(SOURCE MATERIAL Opens)
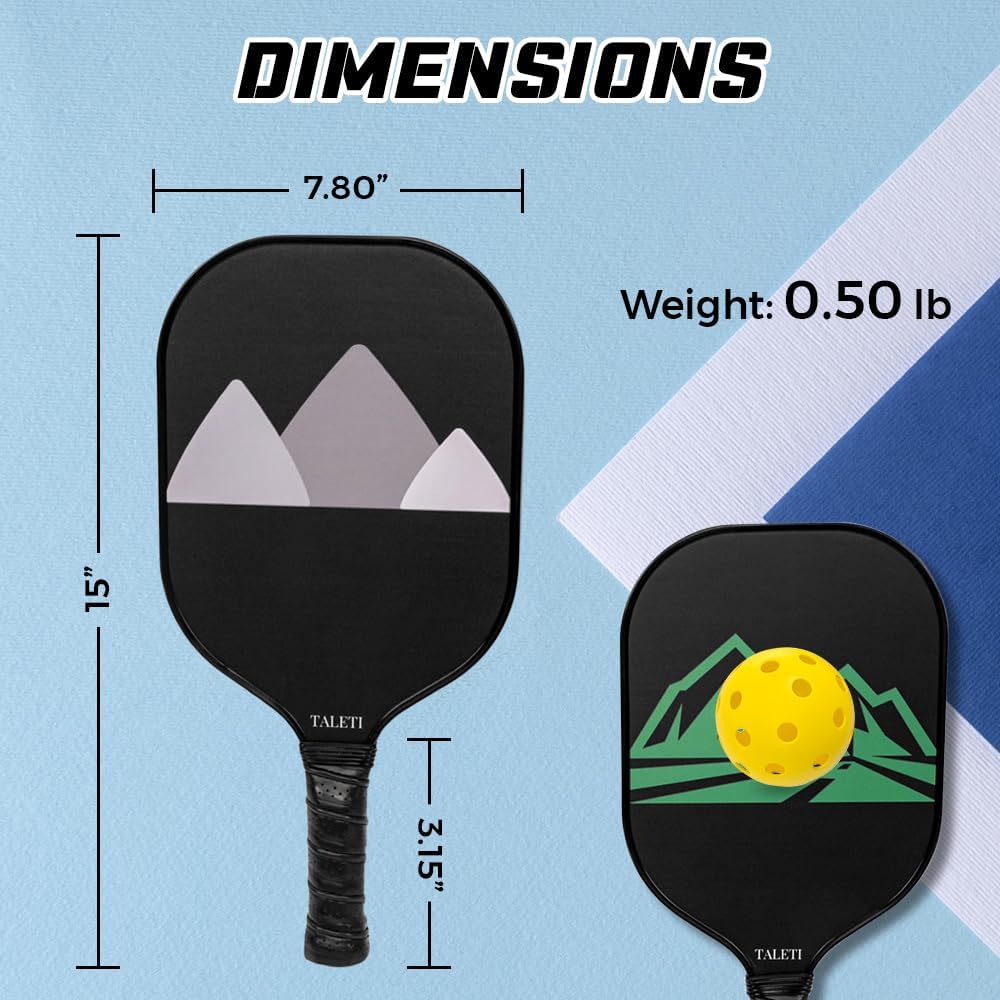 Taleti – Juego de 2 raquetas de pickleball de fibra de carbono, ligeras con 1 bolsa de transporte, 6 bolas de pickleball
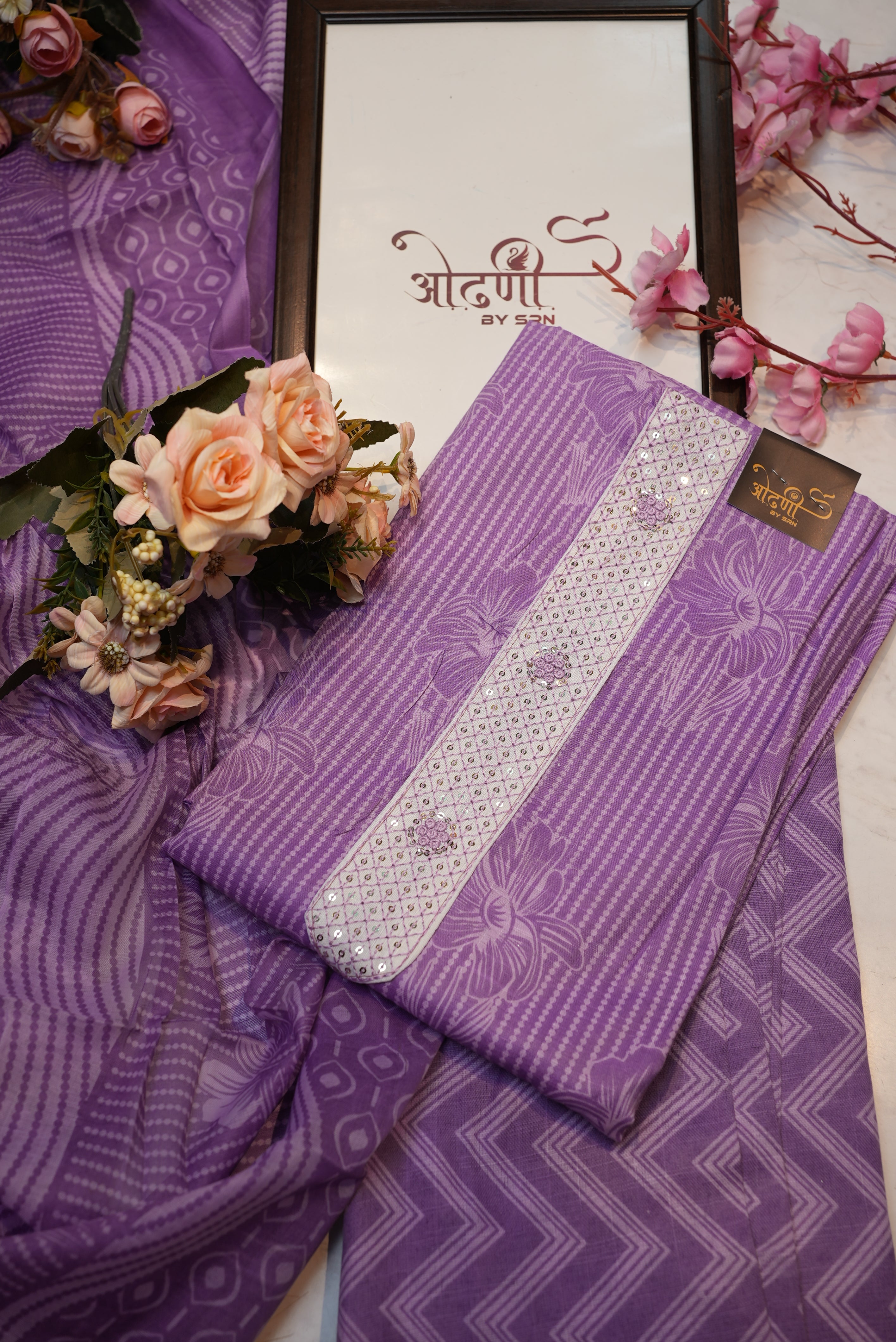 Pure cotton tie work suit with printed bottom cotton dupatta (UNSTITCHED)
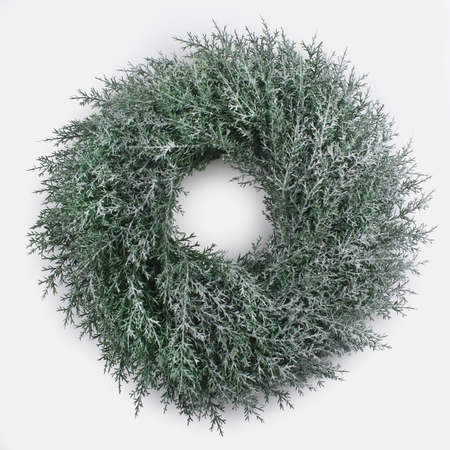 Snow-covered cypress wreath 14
(SOURCE MATERIAL Closes)
Repeat the listing above exactly, omitting the pictures it contains.

 Taleti – Juego de 2 raquetas de pickleball de fibra de carbono, ligeras con 1 bolsa de transporte, 6 bolas de pickleball
 Pure cotton tie work suit with printed bottom cotton dupatta (UNSTITCHED)
 Snow-covered cypress wreath 14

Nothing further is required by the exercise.